I'm brainstorming ways to implement a high speed wireless laser data link without the exorbitant cost.
Would it be possible to take a standard SFP transceiver module and use that across free space rather than through a fibre?
In other words, to point two transceivers at each other from a distance without any fiber optic cable between them. (It might be necessary to have the modules believe there are cables plugged in)
There would certainly be severe attenuation and noise issues to deal with.
However, since some fiber optic modules have to transmit across 40km links @ 10Gb/s, the existing circuitry might have enough power and sensitivity to handle this.

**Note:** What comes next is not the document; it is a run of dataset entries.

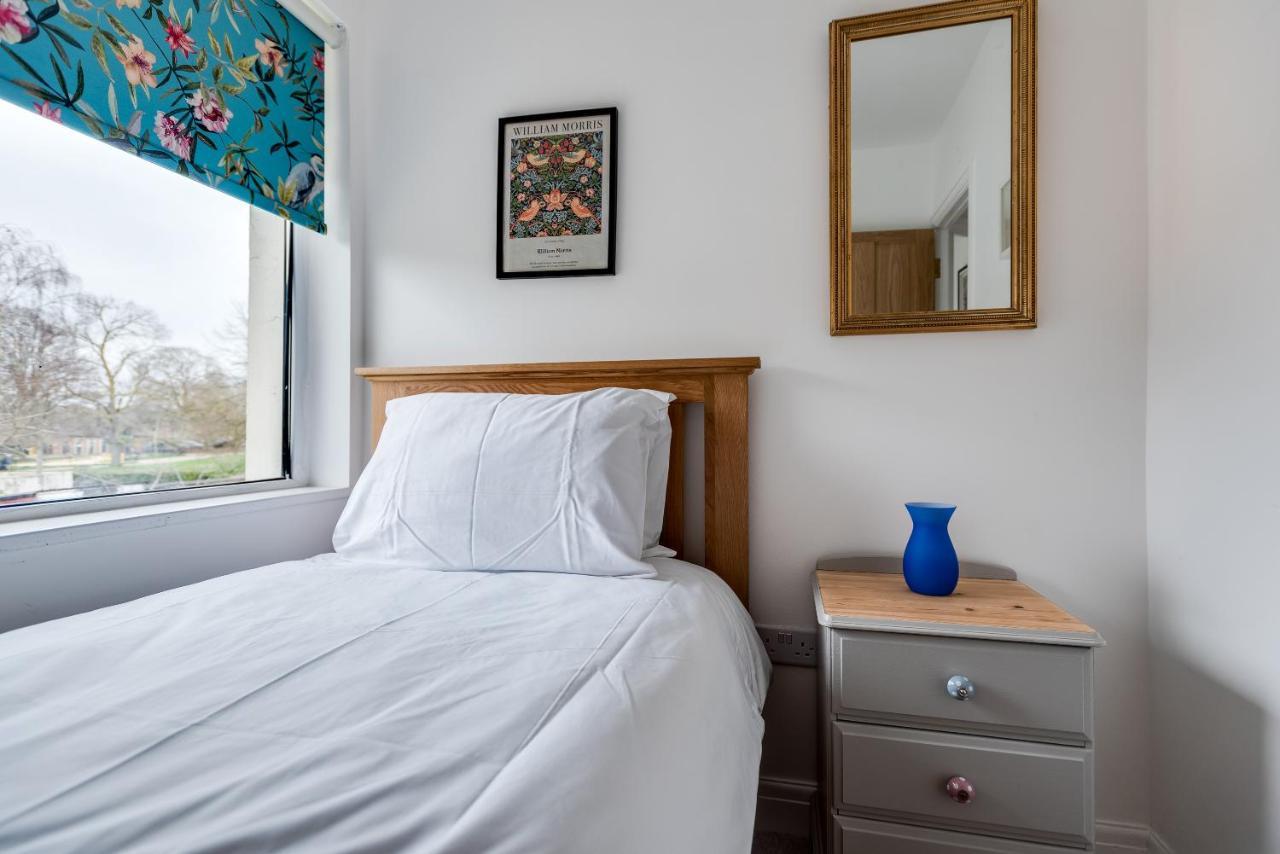 Award Winning 3 Bedroom House With Private Parking Florence Park Оксфорд Екстериор снимка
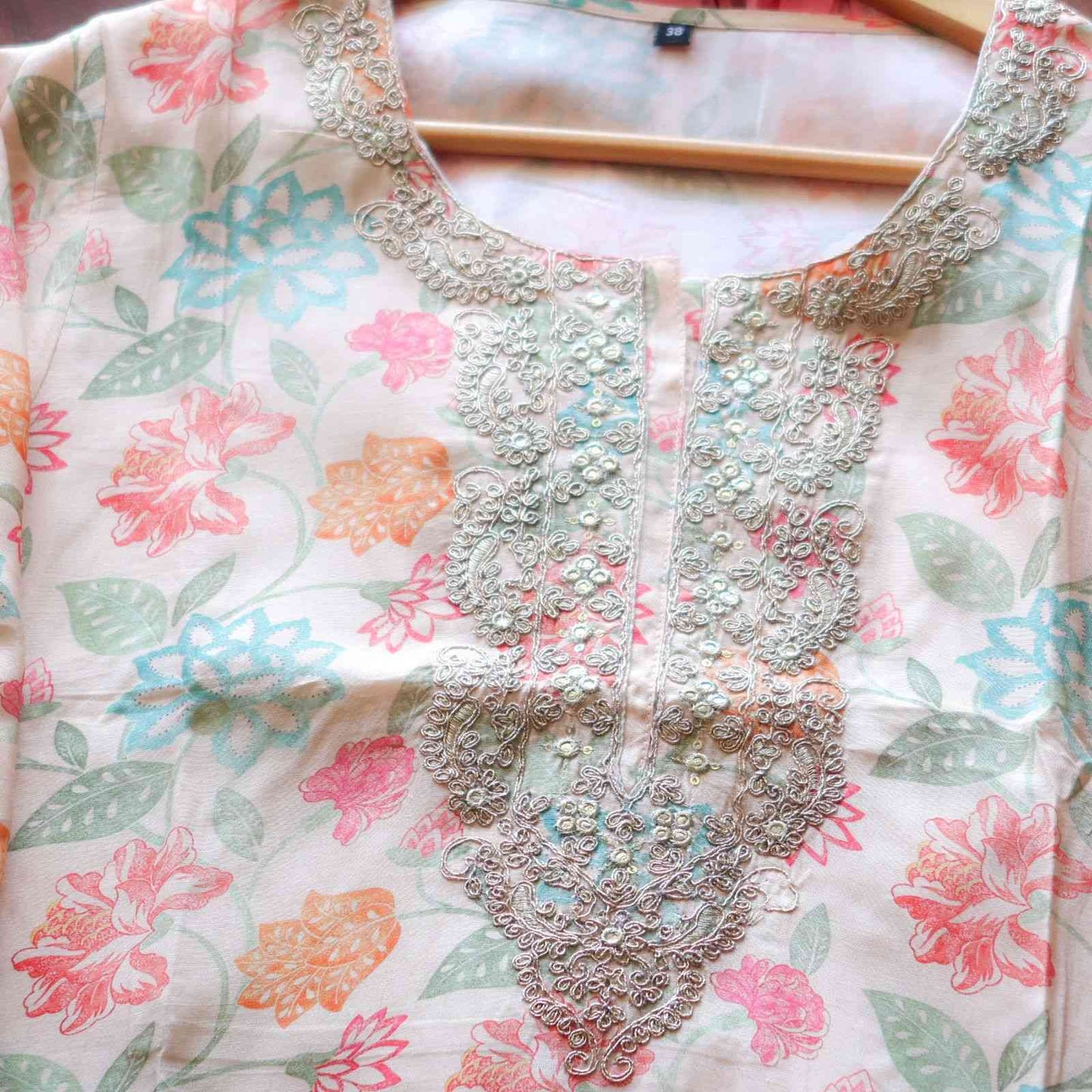 Floral Zariwork Suit Set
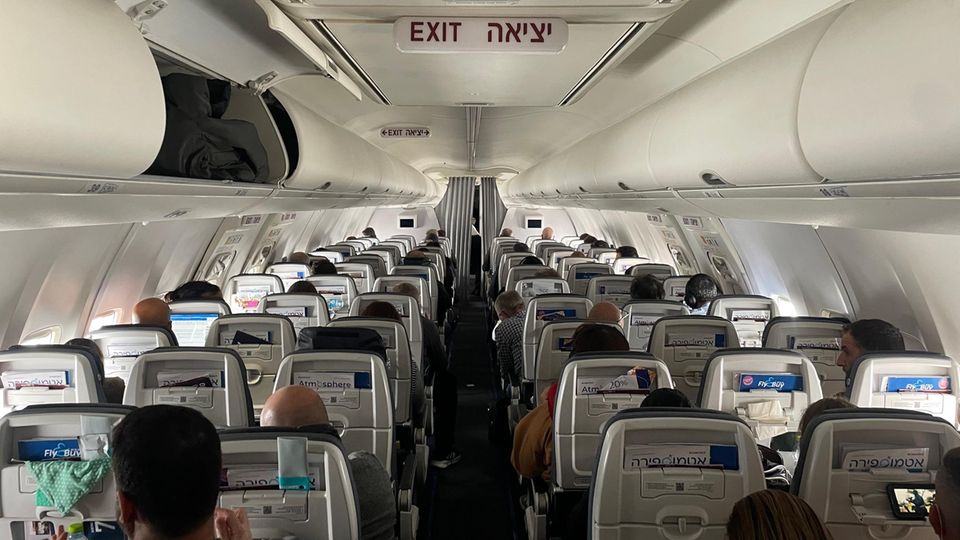 Behind the story: Please buckle up, fold up the tables and take your time: Flying with the Israeli airline El Al is safe, but it can be nerve-racking. On the way to Tel Aviv: The cabin interior of an Israeli airline El Al plane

There is also the issue of beam focus and divergence, although this could be cheaply mitigated by using a telescope.
Would this work for 10Gb/s with a 1 kilometer range?
Does anyone have any modules they could try across a room to begin with?
Best Answer
No. "Proof" to follow:
The point of the fiber is to get almost all energy from the transmitter into the receiver. You'd need a whole lot of very expensive lenses to achieve a focussing effect that would allow you to shine sufficient light from the transmitter to the receiver.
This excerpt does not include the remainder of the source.